Breast-cancer screening as anomaly ranking¶
This real sklearn dataset is a useful reality check. The classes are not generated by a covariance model, so robustcov should not be expected to dominate all baselines.
Result at a glance¶
EllipticEnvelope has the best F1 in this run. FastMCD is close to IsolationForest and OneClassSVM but not best. This is a valuable honest example: robust distances are competitive diagnostics, not universal winners.
What the data represent¶
The example uses the sklearn breast-cancer dataset with a reduced feature representation. One class is treated as the anomaly class for an unsupervised screening comparison.
Why this estimator¶
FastMCD is included as an interpretable robust-distance baseline.

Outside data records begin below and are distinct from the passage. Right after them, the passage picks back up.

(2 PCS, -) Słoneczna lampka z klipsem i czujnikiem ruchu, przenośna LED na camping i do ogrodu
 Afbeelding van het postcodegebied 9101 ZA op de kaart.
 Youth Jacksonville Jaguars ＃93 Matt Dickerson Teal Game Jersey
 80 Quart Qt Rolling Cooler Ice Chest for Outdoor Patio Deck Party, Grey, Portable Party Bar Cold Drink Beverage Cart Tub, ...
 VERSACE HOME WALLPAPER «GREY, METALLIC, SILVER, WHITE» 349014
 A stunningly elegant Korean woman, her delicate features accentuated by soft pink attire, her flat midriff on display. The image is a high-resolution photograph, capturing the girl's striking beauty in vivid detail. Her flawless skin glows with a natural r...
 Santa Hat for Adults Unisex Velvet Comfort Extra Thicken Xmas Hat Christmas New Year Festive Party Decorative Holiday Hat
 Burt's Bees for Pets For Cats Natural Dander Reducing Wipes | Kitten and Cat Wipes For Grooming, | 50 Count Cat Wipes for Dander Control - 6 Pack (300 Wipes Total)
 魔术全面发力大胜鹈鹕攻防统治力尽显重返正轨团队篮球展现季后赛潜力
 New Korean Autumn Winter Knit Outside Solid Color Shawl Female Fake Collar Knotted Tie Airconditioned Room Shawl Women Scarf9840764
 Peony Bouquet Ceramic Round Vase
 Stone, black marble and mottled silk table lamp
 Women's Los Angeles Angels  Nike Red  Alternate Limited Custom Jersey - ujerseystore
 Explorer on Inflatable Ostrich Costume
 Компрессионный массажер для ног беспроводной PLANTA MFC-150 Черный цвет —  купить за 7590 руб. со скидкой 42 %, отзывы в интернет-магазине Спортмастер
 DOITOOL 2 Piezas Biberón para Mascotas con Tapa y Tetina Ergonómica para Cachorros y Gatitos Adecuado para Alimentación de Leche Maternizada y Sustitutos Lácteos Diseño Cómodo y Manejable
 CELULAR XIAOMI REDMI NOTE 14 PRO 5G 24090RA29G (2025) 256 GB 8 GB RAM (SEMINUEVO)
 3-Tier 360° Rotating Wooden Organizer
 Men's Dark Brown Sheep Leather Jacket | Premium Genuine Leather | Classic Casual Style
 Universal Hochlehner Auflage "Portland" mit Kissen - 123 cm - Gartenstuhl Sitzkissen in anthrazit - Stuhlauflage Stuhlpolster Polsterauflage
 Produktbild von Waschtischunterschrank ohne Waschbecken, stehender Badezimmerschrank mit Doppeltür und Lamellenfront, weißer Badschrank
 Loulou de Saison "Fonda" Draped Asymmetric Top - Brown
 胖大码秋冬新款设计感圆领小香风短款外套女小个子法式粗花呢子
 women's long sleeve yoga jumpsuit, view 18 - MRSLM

It is compared with common sklearn anomaly detectors.
Reproduce the result¶
python examples/use_case_breast_cancer_screening.py
Output from the run¶
breast-cancer anomaly screening
method,seconds,precision,recall,f1,roc_auc,detected
sklearn EllipticEnvelope,0.5495,0.5849,0.5849,0.5849,0.7426,212
sklearn OneClassSVM,0.0130,0.5236,0.5236,0.5236,0.6601,212
sklearn IsolationForest,0.1384,0.5236,0.5236,0.5236,0.6770,212
robustcov FastMCD,0.0678,0.5189,0.5189,0.5189,0.6829,212
sklearn LocalOutlierFactor,0.0079,0.4057,0.4057,0.4057,0.5356,212
n=569, p=12, anomaly_fraction=0.373
robust_radial_kurtosis=6.933
saved diagnostics to results/use_cases/breast_cancer
Figures and diagnostics¶
How to read the result¶
Look at both F1 and ROC-AUC. Similar F1 values can hide different score rankings, and score rankings matter if the practical task is review prioritization.
What this does not prove¶
For medical datasets, supervised clinical models and feature engineering are usually necessary. robustcov should be framed as an interpretable screening score.